What do Kim Kardashian, Donald Trump and you have in common financially? Let’s connect the dots.


Kardashian gets robbed in Paris at gunpoint of jewelry worth $10 million-plus. A couple of things are disturbing about that sentence. First, being robbed at gunpoint must be completely terrifying. Second, having $10 million of jewelry must be equally so. The first needs no explanation, but I think we should dig a little deeper into the second.

Protecting your jewelry often needs a separate schedule on your property/casualty coverage. The amount of insurance coverage and cost necessary to fully protect the value of the Kardashian-West jewelry would be astronomical — and I suspect not completely scheduled. This raises a key point with property casualty insurance — you should make sure that you are covered for the expensive things that can go wrong in your life. Manage your cost of insurance through higher deductibles since you can most likely absorb small losses. The first thing you can learn from the Kimye scenario is to review your insurance, take pictures of the items you are insuring, make sure you are covered for their actual replacement costs (if they have risen or dropped in value) and manage the smaller costs (minor collisions, damages, or losses) by self-insuring through using a higher deductible.

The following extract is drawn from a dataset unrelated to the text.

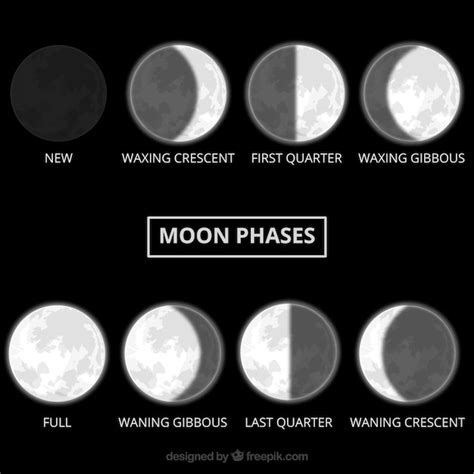 Realistic moon phases | Free Vector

But the second example is a bit more subtle. Even if you could afford tens of millions of dollars of jewelry, would it make you happy? Everyone enjoys some special items. If you eat a wonderful piece of chocolate cake, the first bite is delightful. Each subsequent bite becomes less enjoyable until (maybe after a whole cake) you eventually reach a point where you never want to see another chocolate cake. Maybe the next day you forget your lesson and overindulge again, but eventually, the lack of self-control will diminish your chocolate cake experience. It is the same with overspending. If you carefully lay out your purchase decisions, you may enjoy them more, and that enjoyment will last much longer.

Donald Trump suffers an almost billion-dollar one-year tax loss and Rudy Giuliani appears on talk shows and lauds him as a genius and a fiduciary. There is no question about whether Trump is entitled to shelter future income by using these losses. Whether he should take the losses or not is a red herring. Legally, everybody is allowed to take those losses. The point I want to focus on is whether someone who loses a billion dollars is a genius and a fiduciary.

Trump’s utilization of his losses has nothing to do with brains and everything to do with risk-taking. Let’s reserve the genius moniker for people like the recent Nobel Prize winners. Trump took on almost incalculable risks, was savvy enough to get banks to lend so much money to him that when things went awry they were forced to work with him rather than to remove him, and was also lucky enough to have family members who could lend him even more money to ride things out until markets turned around. But he bet the farm and lost. The fact that he eventually won is irrelevant. He couldn’t have predicted a rebound with any more assurance than he could have foreseen the depth of his collapse. He is much more willing to accept risk than most of us would be — but risk always cuts two ways. The point is that after the fact, we sometimes confuse our ability to make money with genius.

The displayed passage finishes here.